The lines below that include the word "Hotel" are to be reported.

:: MATERIALS PROVIDED ::

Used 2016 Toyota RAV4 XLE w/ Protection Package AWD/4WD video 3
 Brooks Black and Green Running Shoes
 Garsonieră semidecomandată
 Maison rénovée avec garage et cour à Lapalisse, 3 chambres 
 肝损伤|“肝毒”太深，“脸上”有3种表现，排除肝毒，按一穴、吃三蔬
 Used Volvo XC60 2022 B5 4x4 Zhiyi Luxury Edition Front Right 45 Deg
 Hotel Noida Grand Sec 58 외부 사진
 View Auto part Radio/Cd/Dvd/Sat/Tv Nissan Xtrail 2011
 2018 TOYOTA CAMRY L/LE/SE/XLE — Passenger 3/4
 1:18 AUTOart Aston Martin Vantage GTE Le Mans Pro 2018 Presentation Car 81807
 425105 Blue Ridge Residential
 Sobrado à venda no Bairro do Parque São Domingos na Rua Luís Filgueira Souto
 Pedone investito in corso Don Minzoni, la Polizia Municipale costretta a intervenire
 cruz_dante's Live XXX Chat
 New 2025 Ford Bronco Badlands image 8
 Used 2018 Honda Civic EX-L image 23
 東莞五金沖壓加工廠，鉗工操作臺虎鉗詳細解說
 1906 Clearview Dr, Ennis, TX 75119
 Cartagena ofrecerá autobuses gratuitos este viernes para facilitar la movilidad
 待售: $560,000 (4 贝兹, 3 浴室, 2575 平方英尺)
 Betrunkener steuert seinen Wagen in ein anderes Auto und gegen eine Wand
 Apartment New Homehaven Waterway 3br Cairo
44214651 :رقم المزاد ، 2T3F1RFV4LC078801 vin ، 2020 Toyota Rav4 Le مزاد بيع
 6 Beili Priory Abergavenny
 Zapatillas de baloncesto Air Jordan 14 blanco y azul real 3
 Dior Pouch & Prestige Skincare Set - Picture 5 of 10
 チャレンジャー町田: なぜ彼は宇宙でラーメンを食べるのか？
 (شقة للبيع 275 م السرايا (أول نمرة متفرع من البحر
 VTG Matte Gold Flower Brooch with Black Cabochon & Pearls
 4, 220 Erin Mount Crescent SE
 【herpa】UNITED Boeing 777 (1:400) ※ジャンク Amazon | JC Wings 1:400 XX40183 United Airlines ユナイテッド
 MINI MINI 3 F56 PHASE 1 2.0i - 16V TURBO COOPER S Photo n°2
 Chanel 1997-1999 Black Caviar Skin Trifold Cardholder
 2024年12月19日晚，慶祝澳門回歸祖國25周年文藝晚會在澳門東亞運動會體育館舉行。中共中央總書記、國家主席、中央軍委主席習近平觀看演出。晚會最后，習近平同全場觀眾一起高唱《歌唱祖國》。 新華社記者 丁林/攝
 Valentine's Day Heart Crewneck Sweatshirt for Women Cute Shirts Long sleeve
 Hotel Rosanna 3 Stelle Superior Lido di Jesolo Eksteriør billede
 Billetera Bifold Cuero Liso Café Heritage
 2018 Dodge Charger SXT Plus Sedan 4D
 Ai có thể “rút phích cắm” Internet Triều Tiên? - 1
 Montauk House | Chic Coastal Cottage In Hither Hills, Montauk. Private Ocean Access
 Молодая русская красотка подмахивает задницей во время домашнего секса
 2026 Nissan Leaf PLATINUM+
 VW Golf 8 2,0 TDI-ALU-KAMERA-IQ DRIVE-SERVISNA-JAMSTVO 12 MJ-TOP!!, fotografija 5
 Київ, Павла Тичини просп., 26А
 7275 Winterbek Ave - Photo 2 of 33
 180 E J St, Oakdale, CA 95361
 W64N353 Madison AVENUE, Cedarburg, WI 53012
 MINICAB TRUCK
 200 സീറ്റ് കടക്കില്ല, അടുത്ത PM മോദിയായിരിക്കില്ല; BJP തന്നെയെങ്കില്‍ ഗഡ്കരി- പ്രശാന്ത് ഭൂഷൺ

:::

RESPONSE FOR THIS EXERCISE.
 Hotel Noida Grand Sec 58 외부 사진
 Hotel Rosanna 3 Stelle Superior Lido di Jesolo Eksteriør billede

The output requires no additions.